Elgin, Ceres, Walker Bay – these are among areas that might provide prospects for improved performances of such vines (cool-climate loving riesling, gewurztraminer and pinot noir). But production there is restricted. Introduction of a General Index of variety/style
1984 – Jan Boland Coetzee Foreword
The impression I have is that we have produced and distributed wine without ‘selling’ it. The French .. ‘sell’ a story with every bottle.
It would be a great tragedy if the strides in quality were not matched by imaginative and fresh approaches … to loosen up and re-structure the industry .. to meet the challenges of the times ….
1985 – Author’s note
… we have modified our method of assessment and as a result a number of wines have a lower star rating than in previous years.
… the growing number of Cape wines vinified from inherently superior grape varieties, such as chardonnay and sauvignon blanc …, made it increasingly inappropriate to continue assessing wines by cultivar. A ‘very good’ chenin blanc would in the past receive four stars, the same as a ‘very good’ sauvignon blanc when the latter invariably was instrinsically a better wine. (Of course, John’s view of chenin has since gone through 180 °; see pp 46-47 in his book My Kind of Wine)

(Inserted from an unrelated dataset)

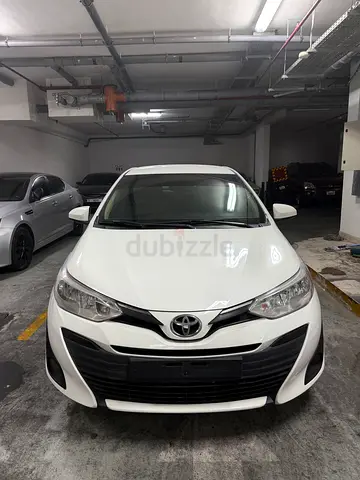 Toyota Yaris SE 2019 | GCC Specs | Low Mileage | Well Maintained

1985 – Peter Devereux Foreword
Times of change are times of high excitement. For many winelovers they are also times of confusion – old knowledge becoming obsolete, new labels arriving in the shops … How important, then to have an annual update like this .. an assembly of well-presented reference. Five stars – Backsberg Cabernet Sauvignon; Delheim Edelspatz Noble Late Harvest; Kanonkop Cabernet Sauvignon & Paul Sauer Fleur 1982; Meerlust Cabernet Sauvignon & Rubicon; Nederburg Private Bin R103 & Edelkeur; Overgaauw Tria Corda; Stellenryk Collection Cabernet Sauvignon; Vriesenhof Vintner’s Private Reserve; Welgemeend Estate Wine. (E&OE!)
1986 – Author’s note
More and more now, when you visit a cellar, after … tasting, the winemaker will wink confidentially and say: ‘Have we a few more minutes?’ He (Still very much ‘he’ in those days – AL) then .. pulls a cork or draws a sample. ‘Just something we’ve been trying on the side,’ he will beam proudly. Among such non-commercial wines I’ve tasted this past season are some absolutely superlative ones. In fact, they may outrank a number of the best mentioned in this book.
1986 – Nico Myburgh Foreword
The gentleman who first suggested … we have sufficient sunshine to justify not adding sugar could not have been a farmer himself, because he should have known that even in South Africa the elements do not always play ball. We are now forced to leave the grapes too long on the vines, with the result that they are over mature and have passed their peak.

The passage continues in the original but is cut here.